Students turn to peace
The U2 song “One” echoed through the gym of Corona del Mar High School as kids filed into the bleachers dressed in designer jeans and their new back-to-school shoes. The helium balloons tied to the bleacher guard rails were red, white and blue, but there were few references to 9/11 at Corona del Mar High School’s assembly Tuesday to mark the sixth anniversary of the terrorist attacks.
Student organizers opted to hold a “Unity Assembly” to mark 9/11, instead of a more traditional remembrance of the 2,974 people who died in the attacks. The event focused on world peace and forgiveness.
“We didn’t want to do the classic 9/11 assembly,” said 16-year-old junior Monique Danser, a member of the school’s Human Relation’s Council, which organized the event. “We didn’t want the candlelight vigil.”
Most of the students at Corona del Mar were in grade school Sept. 11, 2001, and have attended an annual 9/11 remembrance assembly every school year since, Danser said.

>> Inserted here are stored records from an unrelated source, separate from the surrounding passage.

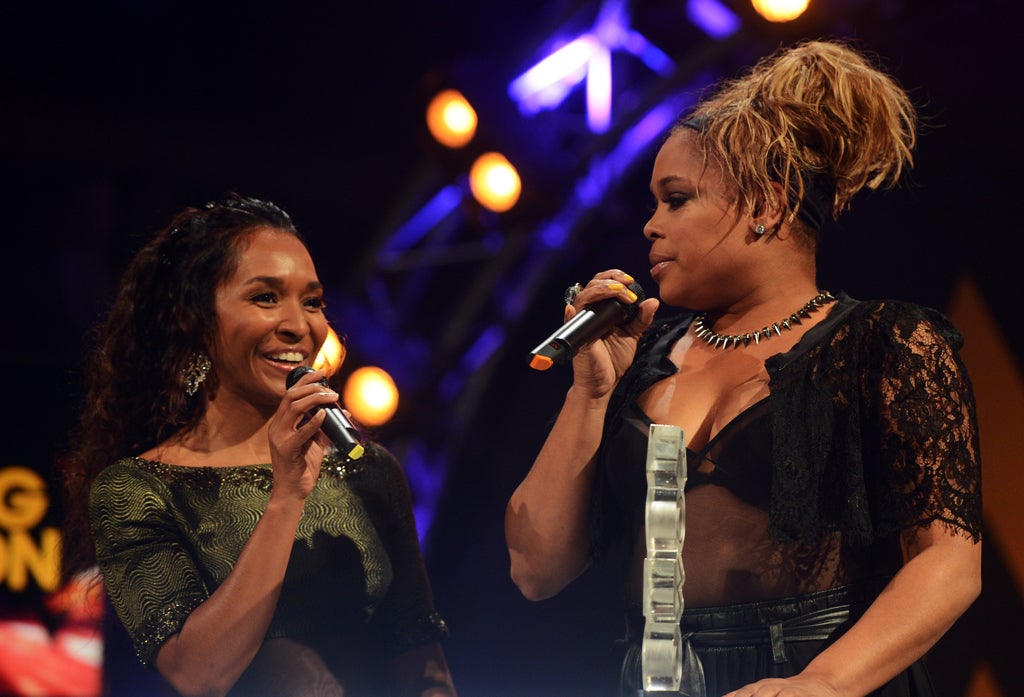 Chasing waterfalls: Chilli and T-Boz of TLC attend the 2012 MOBO awards at Echo Arena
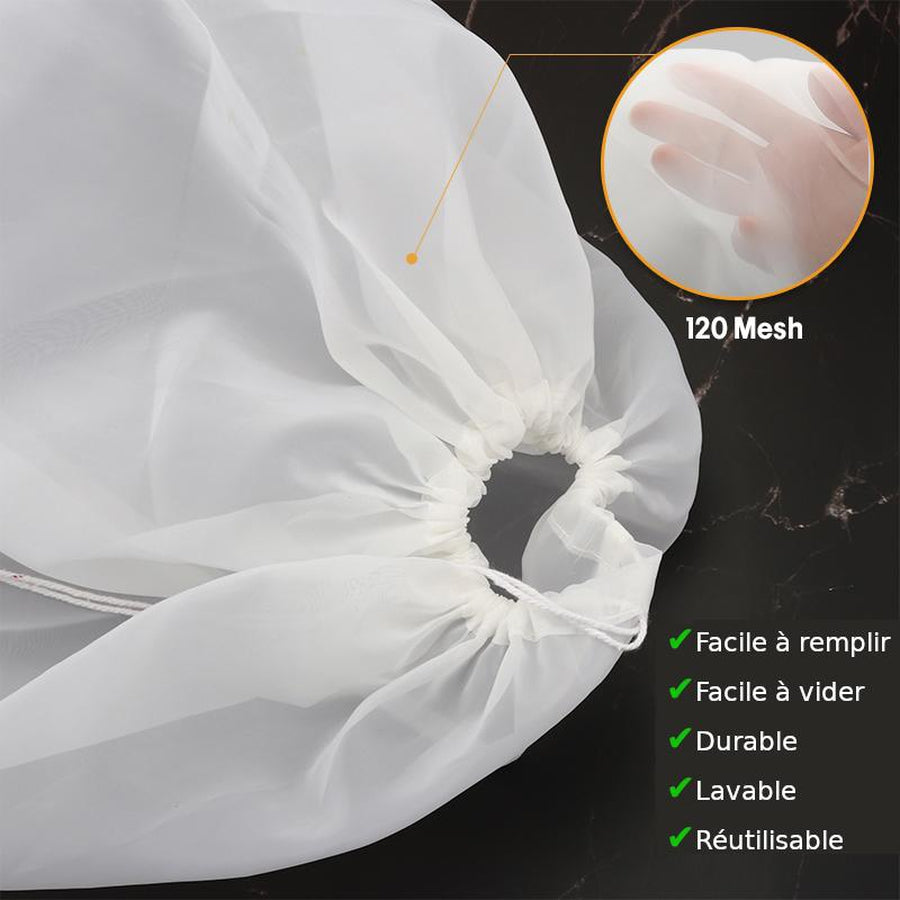 1/2/3 pcs Grand sac filtrant en nylon à cordon sac filtrant - Temu Canada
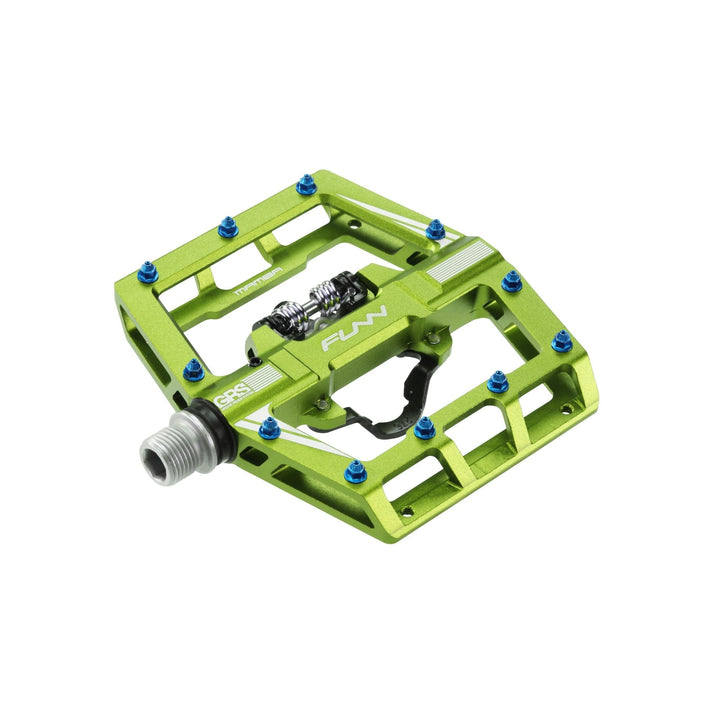 FUNN Mamba platform kétoldalas SPD/platform patentpedál [wasabi]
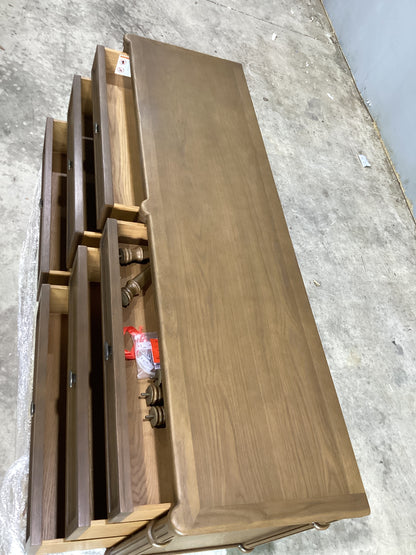 Brand New Toulouse Toasted Oak 6 Drawer Dresser, Brown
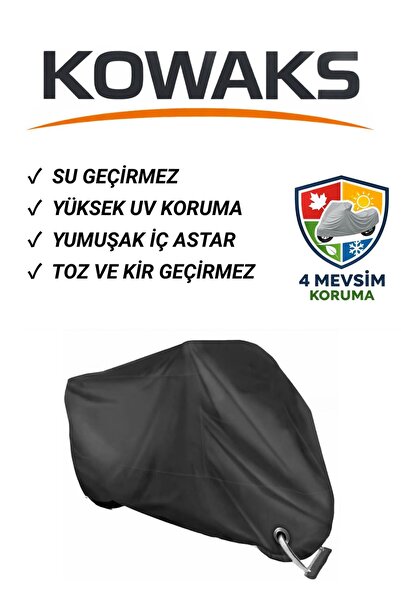 KOWAKS Vespa GTS 250 Super Motosiklet Brandası, Motor Brandası, Siyah (Kilit ...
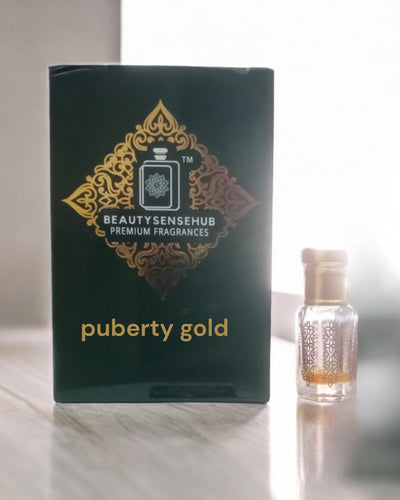 BeautySenseHub Puberty Gold Attar, Mysterious Sweet Fragrance, Alcohol-Free, Authentic Attar, For Both Men & Women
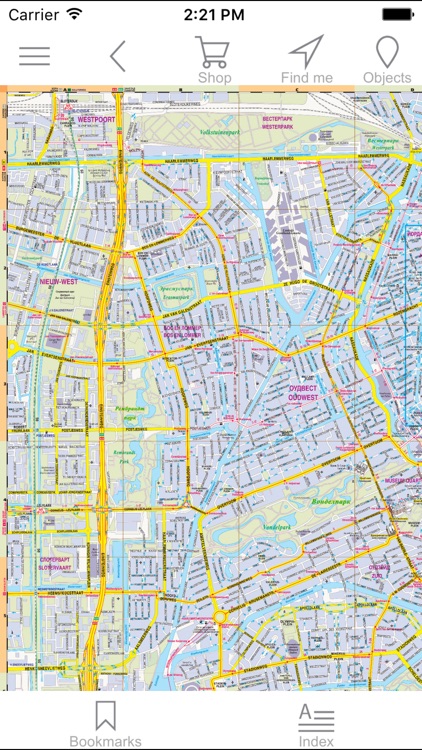 Amsterdam and suburbs. Tourist and road map.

“We wanted to talk about the lessons we could learn from 9/11 like forgiveness and peace, so it doesn’t happen again,” said 16-year-old Corona del Mar junior Maddie Todd, also a member of the Human Relations Council.
Corona del Mar gym teacher Gary Mahieson, a U.S. Air Force Reserves officer who served in Afghanistan, led the school in a moment of silence in remembrance of the victims, but spoke only briefly on 9/11 and terrorism.

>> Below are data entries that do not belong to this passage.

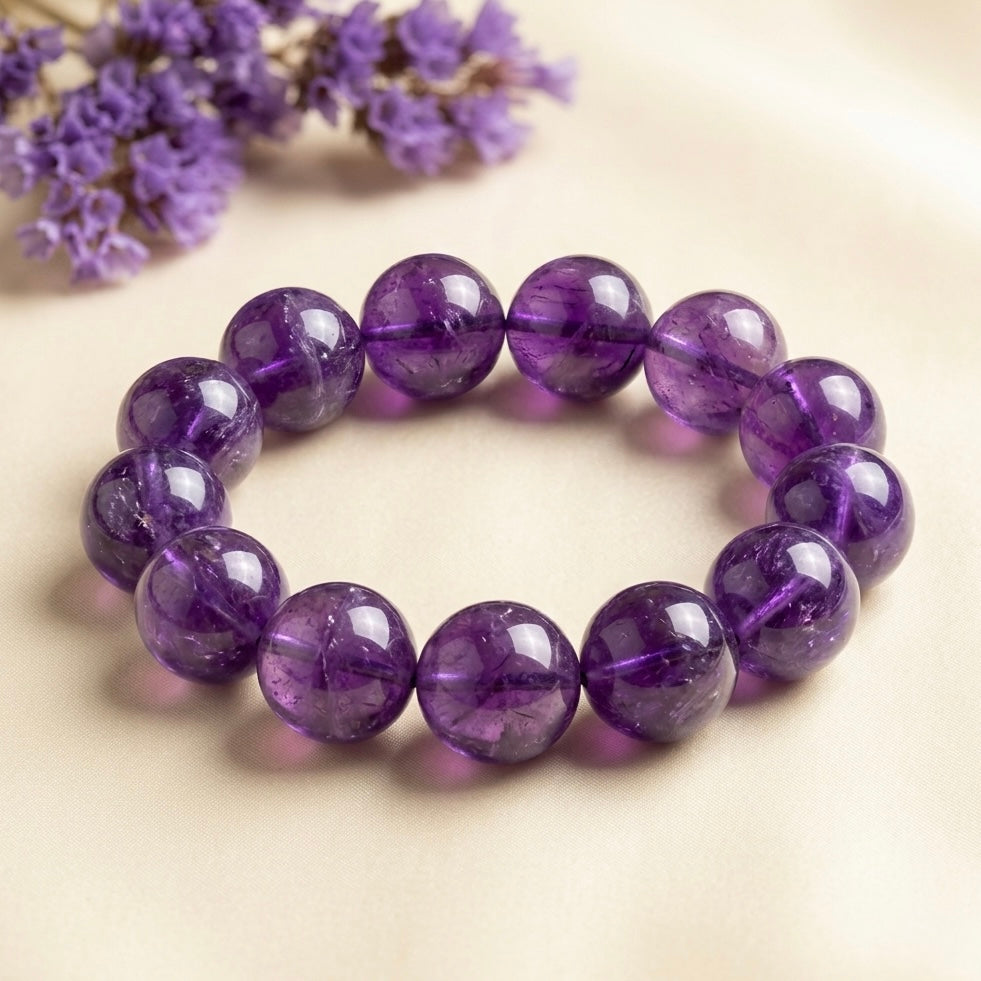 Natural Amethyst Bracelet (Peace and Mental Stability)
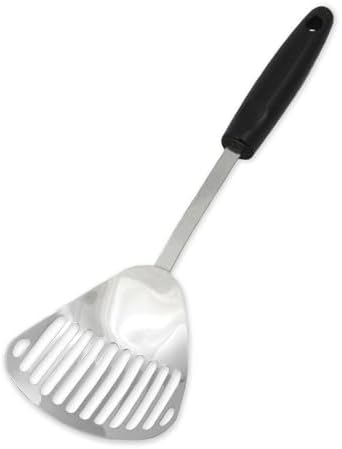 Chef Craft Select Slotted Sturdy Skimmer, 13 inch, Stainless Steel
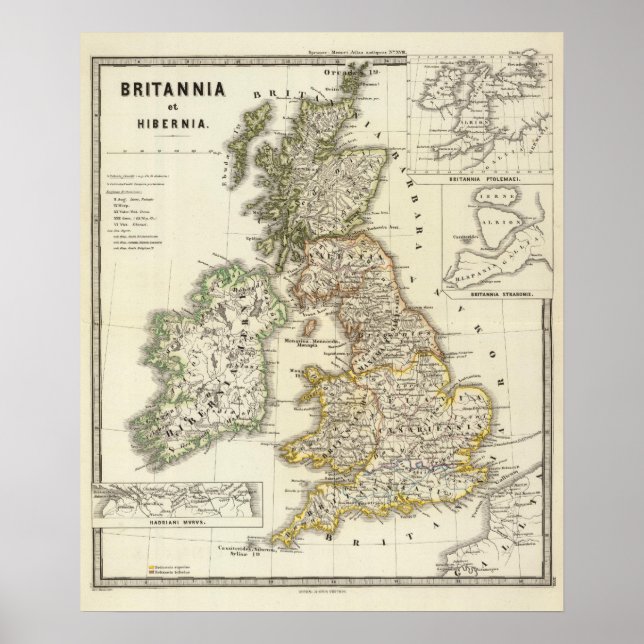 Britannia et Hibernia Poster (Framsidan)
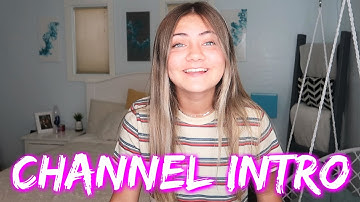 My first video channel intro / get to know me q&a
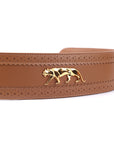 Brown Embellished The Bengal Tiger Belt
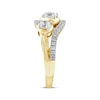 Thumbnail Image 2 of KAY Lab-Grown Diamonds Three-Stone Ring 1 ct tw 14K Yellow Gold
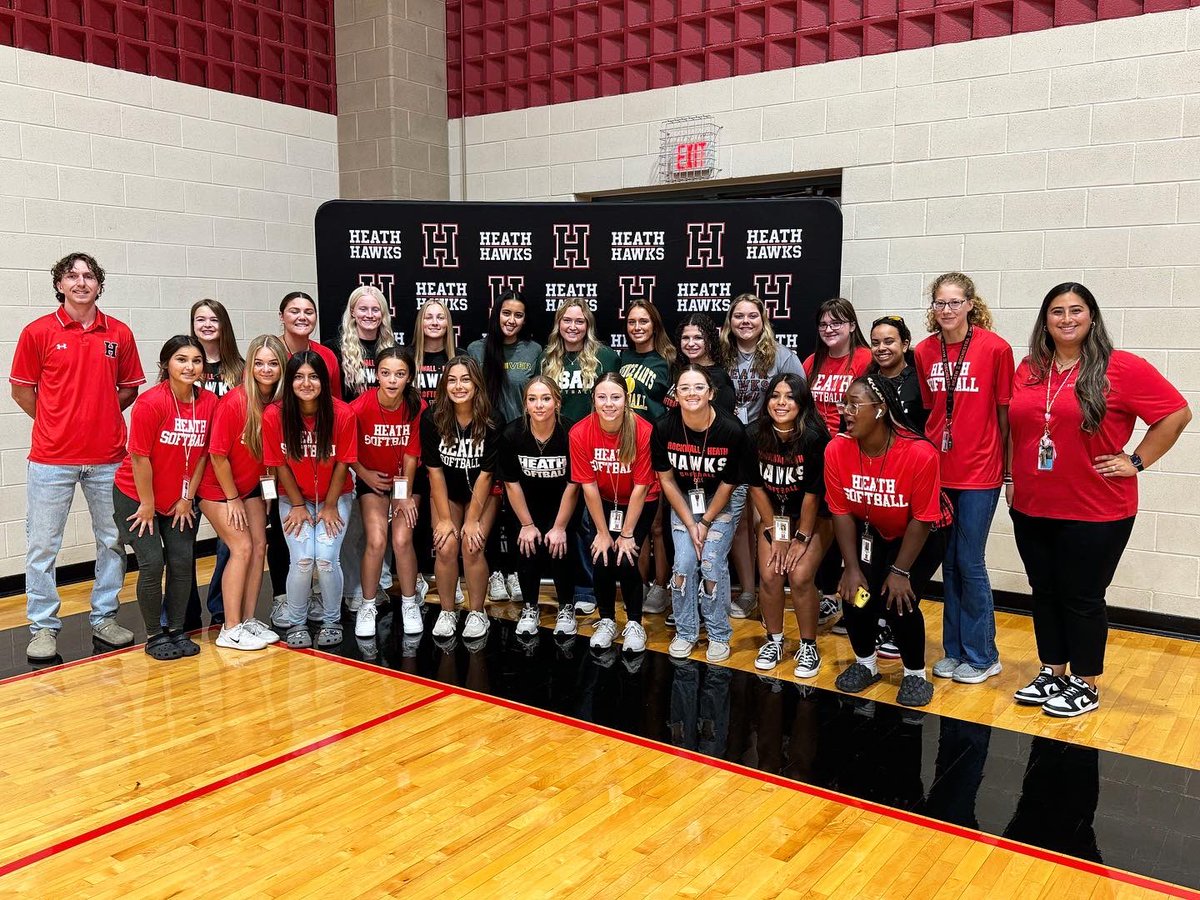 Rockwall Heath Hawks Softball tweet media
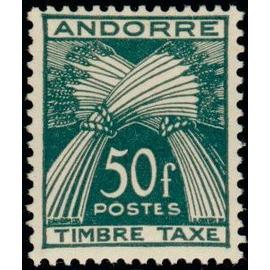 TIMBRE TAXE ANDORRE N°40 NEUF**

“When we think of 9/11 a lot of things flash through our minds and memories,” Mahieson said. “We think of people who died and also of the some 3,500 people who have died in Operation Enduring Freedom and Operation Iraqi Freedom.”
In keeping with the theme of tolerance and forgiveness, Anti-Defamation League spokeswoman Darcy Fehringer presented the school with a banner declaring Corona del Mar “No Place for Hate.”

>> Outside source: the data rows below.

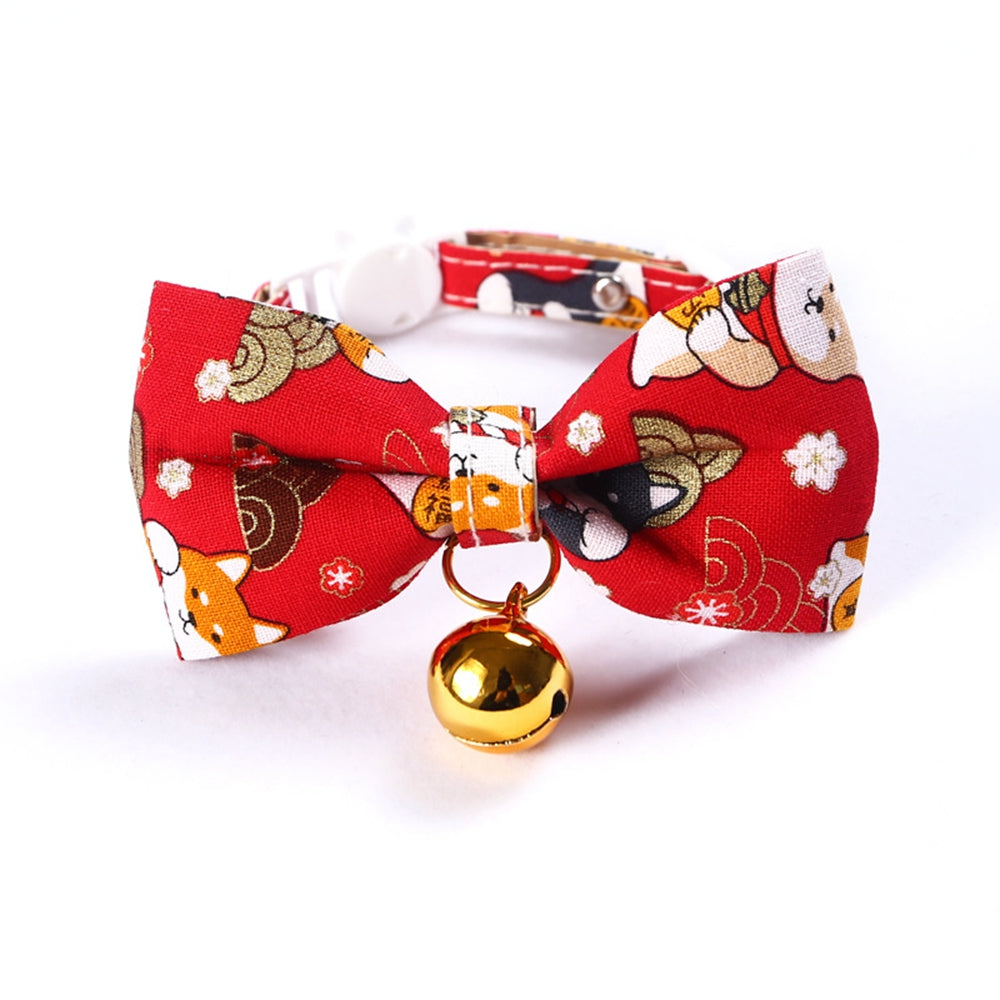 Shiba Inu Adjustable Pet Bow Tie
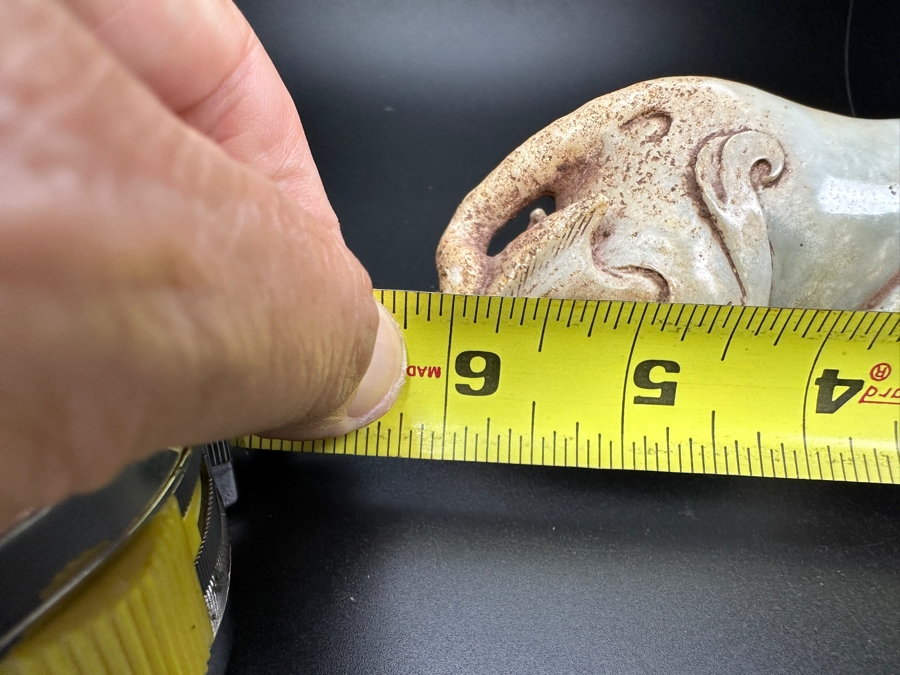 Chinese Carved Jade Fengshui Animal Tiger Figure Statue 527.9g 6.25'L [Photo 21]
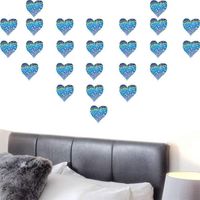 New Beige Dotted Sequined Laser Heart-shaped Sealing Adhesive Sticker Birthday Label Self-adhesive Sticker main image 2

Corona del Mar students also invited Newport Beach resident Linda Beihl to talk at the assembly about the African concept of “ubuntu,” or, respect and understanding for individuals and community. Beihl’s daughter, Amy Beihl, was killed in South Africa in 1993 because she was white, although she was working to register black South Africans to vote.
“How many of you remember 9/11?” asked Beihl, standing in the center of the gym. “Do you all realize what a tragedy it was? Do you remember that our whole world was affected by that?”
Nearly every student at the sixth- through 12th-grade school slowly raised their hand.
“How old were you when it happened?” she asked.
“Nine? Eight?”
“Six,” some of the students shouted as their replies.
Beihl went on to tell the story of her daughter, Amy, a 26-year-old political activist and former captain of the Stanford diving team who was helping to register black voters in South Africa when she was stoned and stabbed to death by four black men.
“They saw her white face, she was the enemy, so they stoned and stabbed her to death,” Beihl said. “And within 30 minutes, the newspeople pulled up in a satellite trucks in front of our house on Irvine Avenue in Newport Beach and that was very hard for our family.”
The Beihl family traveled to South Africa after Amy’s death, and founded the Amy Beihl Foundation and Amy Beihl Foundation Trust, which provides education and anti-violence programs in South Africa.
The Beihls accepted their daughter’s killer’s legal application for amnesty in 1997.
“People ask why we went to South Africa, why we forgave those men but we would not have had peace in our hearts and joy in our lives if we hadn’t,” Beihl told the high school students. “Those men wouldn’t have done what they did if they had the opportunities you have. Education is the only way there won’t be anymore 9/11s.”